If Brexit wasn’t dominating British politics, then one other issue would be: the lack of housing.
If you know someone under 30, living in London and able to afford their first home, then your friend belongs to the country’s richest percentile. For most people, even for those on what used to be a decent median income, owning a house is just not realistic.
Older people are more likely to own a home than they were 25 years ago, but younger people have to wait much longer than their elders did to buy a first house. And nobody should think that Brexit will make a real difference: the levels of migration in the most competitive areas, like London, are unlikely to decrease enough to affect prices. And if Europeans resident in the UK are going to go home then Brits living in continental Europe will likely have to head homewards too. The net effect is therefore likely to be negligible.

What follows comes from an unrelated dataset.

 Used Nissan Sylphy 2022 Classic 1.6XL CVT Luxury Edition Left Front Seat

No government has done enough to fix this. Under David Cameron we helped first-time buyers but shied away from the kind of radical building programme that is required. The same was true under Labour. Theresa May now has a chance to make a real difference and in so doing show that Conservatives aren’t just for the haves but, crucially, for the want-to-haves.
Housing secretary Sajid Javid has already secured sizeable funding commitments, with £2.3bn for a Housing Infrastructure Fund and £1.4bn more for affordable housing. He’s said to be writing a much-needed White Paper. Here is what he might want to consider putting in it:
First, the government has to be more forceful in increasing the supply of land. This can be done in a number of ways.

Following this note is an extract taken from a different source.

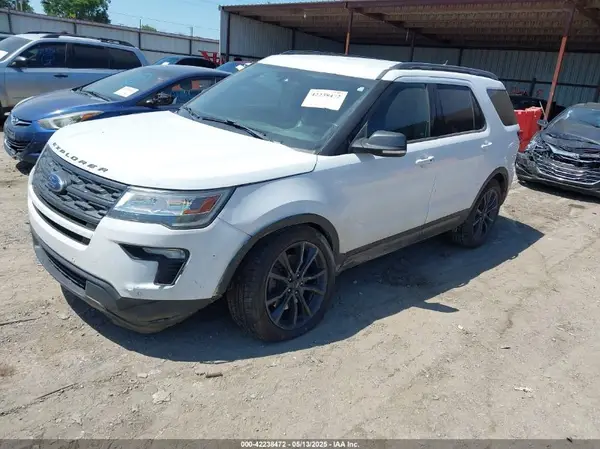 1FM5K7D85JGA13050 2018 FORD EXPLORER - Image 2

To start, it should take all of Network Rail’s thousands of acres of land and place it in a separate organisation – call it Rail Land – and make it build new stations and new houses. Clapham Junction, Reading Station and Bristol Temple Meads waste land which could easily be used for housing if the stations were rebuilt. Transport secretary Chris Grayling should make this a priority. Taking a leaf from the regeneration of the London Docklands, the government could create Station Development Corporations to expedite planning and Station Development Zones to offer certain tax breaks to entice businesses.

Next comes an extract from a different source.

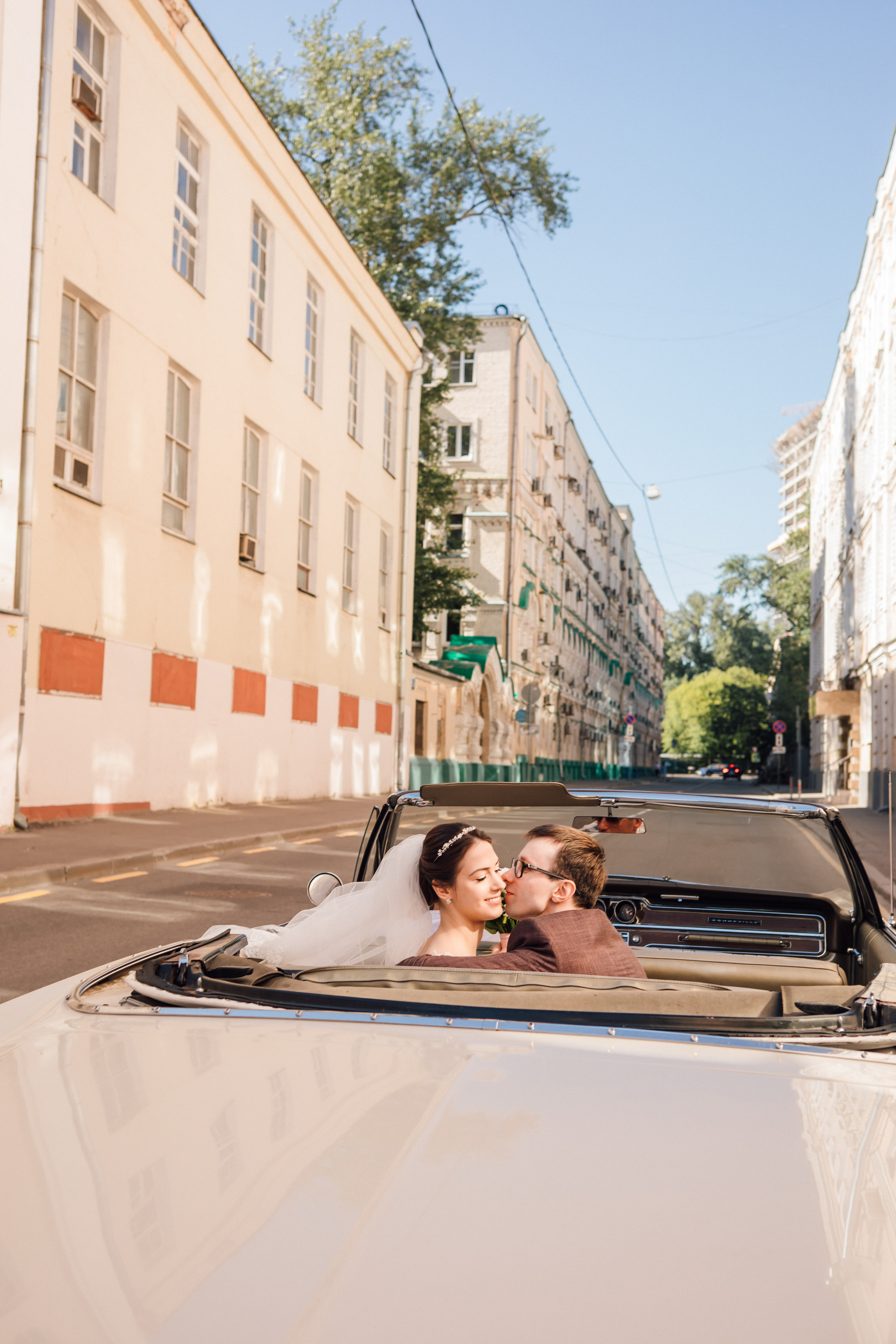 Олег и Вера. Венчание в католическом храме. Свадебный и семейный фотограф в Москве Евгения Лисина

Then the government needs to be far more innovative in how we use land. Like Sweden, Hong Kong and Japan, we should reclaim much more land from the sea. Boris Island is dead but the then London mayor’s underlying idea was a good one. Where else than the Thames Estuary can we reclaim and build land? Can we use bridges more effectively for housing in a modern Ponte Vecchio-style development?
And what about church land – can we help convert the thousands of acres that the Church of England owns into houses? Or out of town supermarkets – can we ease planning rules to more easily build up on top of what are often flat-roof Tesco stores? Could we encourage all London car parks under ground and build housing units on top? These and other new ideas are needed. Perhaps a major prize should be offered for the most innovative.
Awkwardly for Conservatives there can also be no way around a discussion of the Green Belt. Everyone agrees that we want to balance urban development with a concern for nature. But not all of the Green Belt is what it sounds like – green. We should be willing to build on low quality Green Belt especially around London like around Theydon Bois station or Redbridge. And do we really need that many golf courses? In return for taking land for housing, we should find areas where we can expand the Green Belt.
That brings us to the issue of local councils. Truth be told, councils are not designating enough land for development and, when they do give permission, are too slow to process the applications. Councils that don’t meet their target should be penalised.
Not Tory to do so? Neither is keeping the young from entering the housing market. Or forcing the pace of urbanisation as young people are pushed into moving to larger conurbations. Local councils will complain, not least that they don’t have enough money. Perhaps the government should look at lifting the cap on the Housing Revenue Account receipts to allow councils to borrow to build housing.
Government should also provide incentives for older people to move away from their larger homes, predominantly in the South East, and make way for younger people. Nobody likes the idea of downsizing, especially away from places they have lived for years and where much of their wealth is tied up. So we need a new and attractive-sounding concept. And we need to allow people to easily move their investment in their houses without being penalised by various taxes like stamp duty.
Needless to say, we need to ensure in the Brexit negotiations that Britons can continue to easily retire in Spain; if that exodus of retirees slows down then the housing problems will multiply. What Florida is to America, the Costa Del Sol is to Britain – a warm and nice place to retire which, at the aggregate level, helps to free up housing in Britain.
Finally there is a problem with the building industry. The large volume builders cannot fulfill current demand, let alone future requirements. Smaller builders struggle to grow, and skilled labour is scarce. Town planning, probably one of the most important professions, is not a sufficiently respected discipline. In addition, the models used to build are not innovative compared, for example, to Sweden, where 84 per cent of detached houses use prefabricated timber elements; in the UK no more than 5 per cent of permanent housing has any significant prefabrication.
Theresa May is right to want to build an economy that works for everyone. Sajid Javid has the energy and drive to deliver something ambitious. That will be necessary to deliver a bold housing policy which works more for the young want-to-owns rather than the older already-haves.